Phife Dawg’s mother releasing new book ‘Mama Phife Represents’

Phife Dawg's mother releasing new book 'Mama Phife Represents'
(Image source: Haymarket Books)

A Tribe Called Quest’s Phife Dawg died in 2016 after a long fight with diabetes and his mother Cheryl-Boyce-Taylor will release a new book on Jan. 19 sharing insights on their love and relationship. A respected poet and educator in her own right, her latest book Mama Phife Represents tells her journey as a grieving mother dealing with the loss of her son over the past two years.

Mama Phife Represents will retail for $45 for the hardback which will look good on the mantle while the soft cover will sell for $16. It’s also available for pre-order and Amazon describes that the book as “[a] tapestry of narrative poems, dreams, anecdotes, journal entries, and letters as these treasured fragments of their lives show a great love between mother and son, artist and artist, teacher and friend.

Cheryl Boyce-Taylor’s gift includes drawings, emails, hip-hop lyrics, and notes Malik wrote to his parents beginning at age eight. Both elegy and praise song, there is joy and sorrow, healing, and a mother’s triumphant heart that rises and blooms again.”

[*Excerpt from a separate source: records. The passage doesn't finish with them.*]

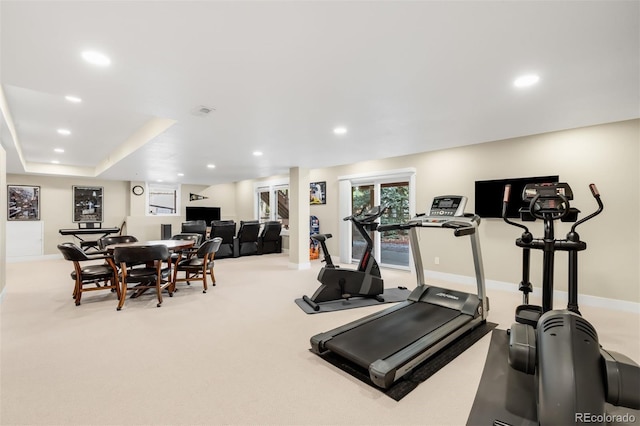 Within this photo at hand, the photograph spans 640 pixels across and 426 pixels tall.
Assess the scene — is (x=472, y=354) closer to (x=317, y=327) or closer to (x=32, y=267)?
(x=317, y=327)

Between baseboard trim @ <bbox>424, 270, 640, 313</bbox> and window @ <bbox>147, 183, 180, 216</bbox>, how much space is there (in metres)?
8.81

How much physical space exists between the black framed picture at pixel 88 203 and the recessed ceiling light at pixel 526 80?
10661 millimetres

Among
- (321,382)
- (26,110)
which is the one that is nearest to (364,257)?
(321,382)

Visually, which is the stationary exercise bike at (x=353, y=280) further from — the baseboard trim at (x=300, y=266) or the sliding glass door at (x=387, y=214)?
the baseboard trim at (x=300, y=266)

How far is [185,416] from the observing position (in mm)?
1827

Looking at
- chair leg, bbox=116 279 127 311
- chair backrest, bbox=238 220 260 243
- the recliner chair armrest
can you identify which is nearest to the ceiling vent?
chair leg, bbox=116 279 127 311

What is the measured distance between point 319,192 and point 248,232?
2331 mm

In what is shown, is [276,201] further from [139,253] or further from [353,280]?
[353,280]

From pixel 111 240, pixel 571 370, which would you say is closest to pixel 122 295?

Q-Tip also hit up Instagram announcing her memoirs last year, posting, “This is Phife’s Mom @cheryl.arrivalpoems latest book. This is her dedication to her son Malik. Please check this out!!”

Phife Dawg's mother releasing new book 'Mama Phife Represents'
(Image source: Instagram – @cheryl.arrivalpoems)

Boyce-Taylor spoke with Okayplayer about her latest work and what made her write the book. “After Malik passed away, I was losing a lot of memory. I couldn’t remember simple things [like] what day it was. I remember [asking] my partner, ‘Was my brother at Malik’s funeral service?'” she explained. “I knew that I was just confused. So more than anything else, I told myself that I had to document this so I could remember it. One of the things that I encountered was the big fear that I would forget about Malik.

“That was one of the emotional upheavals that I was dealing with. I began writing in a journal, and I was also in therapy working very hard to steady myself and get back on my feet. It was a coping skill although I could never forget my child. He was my only child. I had Malik when I was 19, so we kind of grew up together.”

Phife Dawg’s memory will be further cemented this year as well as A Tribe Called Quest’s 1991 classic The Low End Theory will be inducted into The Grammy Hall of Fame.